Say, for example, I open up Microsoft paint. If I paste a high resolution picture into it, the memory allocation of paint skyrockets. Where was this memory taken from? What I would truly like is a snapshot of my entire RAM stick labelled as above to visualize how the many programs of a computer partition the computer's memory as a whole, but I can only find diagrams like this one for a single process and a single section of RAM.

Answer 1

Your picture is not of the RAM, but of the address space of some process in virtual memory. The kernel configures the MMU to manage virtual memory, provide the virtual address space of a process, and do some paging, and manage the page cache.

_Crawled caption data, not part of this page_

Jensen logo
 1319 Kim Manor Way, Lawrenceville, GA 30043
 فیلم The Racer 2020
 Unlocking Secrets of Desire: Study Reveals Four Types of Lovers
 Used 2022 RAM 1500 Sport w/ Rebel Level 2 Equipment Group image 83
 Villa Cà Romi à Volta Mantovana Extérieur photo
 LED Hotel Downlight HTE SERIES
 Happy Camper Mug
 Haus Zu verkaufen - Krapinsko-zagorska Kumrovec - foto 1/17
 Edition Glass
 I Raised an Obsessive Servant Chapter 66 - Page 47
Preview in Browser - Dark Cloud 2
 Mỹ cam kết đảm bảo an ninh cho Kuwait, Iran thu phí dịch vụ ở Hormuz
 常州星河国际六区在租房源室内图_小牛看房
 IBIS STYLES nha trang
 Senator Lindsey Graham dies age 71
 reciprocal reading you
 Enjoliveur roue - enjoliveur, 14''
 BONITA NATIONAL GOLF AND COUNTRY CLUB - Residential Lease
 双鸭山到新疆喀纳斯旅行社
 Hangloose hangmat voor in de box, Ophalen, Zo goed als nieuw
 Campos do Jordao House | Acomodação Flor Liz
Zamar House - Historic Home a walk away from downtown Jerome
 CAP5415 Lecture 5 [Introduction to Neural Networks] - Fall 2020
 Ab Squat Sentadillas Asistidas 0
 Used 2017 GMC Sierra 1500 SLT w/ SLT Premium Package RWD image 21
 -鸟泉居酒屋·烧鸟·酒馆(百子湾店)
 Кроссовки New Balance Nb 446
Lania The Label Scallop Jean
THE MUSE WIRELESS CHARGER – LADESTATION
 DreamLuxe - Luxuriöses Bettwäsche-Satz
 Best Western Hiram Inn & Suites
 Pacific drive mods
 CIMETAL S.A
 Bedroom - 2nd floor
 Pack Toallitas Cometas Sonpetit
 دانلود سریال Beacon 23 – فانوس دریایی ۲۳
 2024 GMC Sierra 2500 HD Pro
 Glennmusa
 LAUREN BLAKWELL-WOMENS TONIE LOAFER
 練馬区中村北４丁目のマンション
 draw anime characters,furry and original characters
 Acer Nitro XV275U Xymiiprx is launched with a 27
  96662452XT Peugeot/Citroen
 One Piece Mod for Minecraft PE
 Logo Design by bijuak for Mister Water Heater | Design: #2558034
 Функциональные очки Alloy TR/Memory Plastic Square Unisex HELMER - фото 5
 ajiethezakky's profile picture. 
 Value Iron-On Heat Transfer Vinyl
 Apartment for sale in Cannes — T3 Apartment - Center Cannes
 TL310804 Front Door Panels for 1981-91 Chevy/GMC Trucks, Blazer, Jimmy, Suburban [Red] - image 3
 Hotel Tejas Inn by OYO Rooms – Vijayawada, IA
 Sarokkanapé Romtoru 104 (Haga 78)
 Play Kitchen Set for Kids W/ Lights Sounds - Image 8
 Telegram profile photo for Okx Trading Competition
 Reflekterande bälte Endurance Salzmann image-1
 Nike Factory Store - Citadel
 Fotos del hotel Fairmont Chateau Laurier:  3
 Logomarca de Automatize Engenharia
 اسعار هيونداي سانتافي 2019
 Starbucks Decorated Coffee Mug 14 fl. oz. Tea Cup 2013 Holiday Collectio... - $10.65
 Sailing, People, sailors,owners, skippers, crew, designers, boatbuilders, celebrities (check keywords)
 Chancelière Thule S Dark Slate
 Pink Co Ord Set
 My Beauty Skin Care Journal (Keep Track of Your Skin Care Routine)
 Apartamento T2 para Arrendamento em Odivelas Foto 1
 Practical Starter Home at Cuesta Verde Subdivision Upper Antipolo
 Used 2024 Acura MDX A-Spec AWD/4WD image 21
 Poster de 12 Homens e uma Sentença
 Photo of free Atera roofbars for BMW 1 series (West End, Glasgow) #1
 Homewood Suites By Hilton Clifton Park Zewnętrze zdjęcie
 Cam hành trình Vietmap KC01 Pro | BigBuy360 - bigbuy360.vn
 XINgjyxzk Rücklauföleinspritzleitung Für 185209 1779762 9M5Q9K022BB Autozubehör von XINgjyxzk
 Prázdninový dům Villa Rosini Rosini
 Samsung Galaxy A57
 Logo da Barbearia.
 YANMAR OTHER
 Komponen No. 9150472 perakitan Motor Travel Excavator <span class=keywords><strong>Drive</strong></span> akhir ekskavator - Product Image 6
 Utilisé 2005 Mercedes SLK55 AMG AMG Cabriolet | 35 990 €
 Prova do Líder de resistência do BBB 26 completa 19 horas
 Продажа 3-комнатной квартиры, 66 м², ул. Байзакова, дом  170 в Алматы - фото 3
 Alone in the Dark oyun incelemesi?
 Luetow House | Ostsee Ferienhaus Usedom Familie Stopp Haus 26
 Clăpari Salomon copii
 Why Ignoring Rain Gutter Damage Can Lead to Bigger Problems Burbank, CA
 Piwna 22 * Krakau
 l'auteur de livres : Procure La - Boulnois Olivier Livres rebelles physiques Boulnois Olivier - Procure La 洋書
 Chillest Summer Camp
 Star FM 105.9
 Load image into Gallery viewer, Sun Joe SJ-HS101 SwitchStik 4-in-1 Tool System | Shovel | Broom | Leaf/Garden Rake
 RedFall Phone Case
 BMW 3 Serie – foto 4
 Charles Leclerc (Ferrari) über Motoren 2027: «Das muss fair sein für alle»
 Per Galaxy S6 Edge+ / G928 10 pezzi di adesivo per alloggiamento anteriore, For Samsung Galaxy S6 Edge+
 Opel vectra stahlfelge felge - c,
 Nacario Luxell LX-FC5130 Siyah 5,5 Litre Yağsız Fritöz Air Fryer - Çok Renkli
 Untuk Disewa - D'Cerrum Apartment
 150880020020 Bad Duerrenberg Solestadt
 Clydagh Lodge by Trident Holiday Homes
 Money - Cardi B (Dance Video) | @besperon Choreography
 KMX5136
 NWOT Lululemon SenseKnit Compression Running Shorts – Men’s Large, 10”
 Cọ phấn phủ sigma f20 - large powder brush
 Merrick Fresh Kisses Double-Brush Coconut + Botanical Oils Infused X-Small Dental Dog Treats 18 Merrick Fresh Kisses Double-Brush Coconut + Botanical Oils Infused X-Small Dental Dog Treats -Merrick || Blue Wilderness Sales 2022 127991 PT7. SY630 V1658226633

BTW, it is not the compiler which grows the stack (so your picture is wrong). The compiler is generating machine code which may push or pop things on the call stack. For malloc allocated heap, the C standard library implementation contains the malloc function, above operating system primitives or system calls allocating pages of virtual memory (e.g. mmap(2) on Linux).

On Linux, a process can ask its address space to be changed with mmap(2) -and munmap and mprotect. When a program is started with execve(2) the kernel is setting its initial address space. See also /proc/ (see proc(5) and try cat /proc/$$/maps....). BTW mmap is often used to implement malloc(3) and dlopen(3) -runtime loading of plugins, both heavily used in the RefPerSys project (it is a free software artificial intelligence project for Linux).

Since most Linux systems are open source, I suggest you to dive into implementation details by downloading then looking inside the source code of GNU libc or musl-libc: both implement malloc and dlopen above mmap and other syscalls(2).

^{Windows has similar facilities, but I don't know Windows. Refer to the documentation of the WinAPI}

Read also Operating Systems: Three Easy Pieces, and, if you code in C, some good book such as Modern C and some C reference website. Be sure to read the documentation of your C compiler (e.g. GCC). See also the OSDEV website.

Be aware that modern C compilers are permitted to make extensive optimizations. Read what every C programmer should know about undefined behavior. See also this draft report.

Answer 2

In modern systems, a technique called virtual memory is used to give the program its own memory space. Heap and stack locations are at specific locations in virtual memory. The kernel then takes care of mapping memory locations between physical memory and virtual memory. Your program may have a chunk of memory allocated at 0x80000000, but that chunk of memory might be stored in location 0x49BA5400. Your actual RAM stick would be a jumbled mess of chunks of all of those sections in seemingly random locations.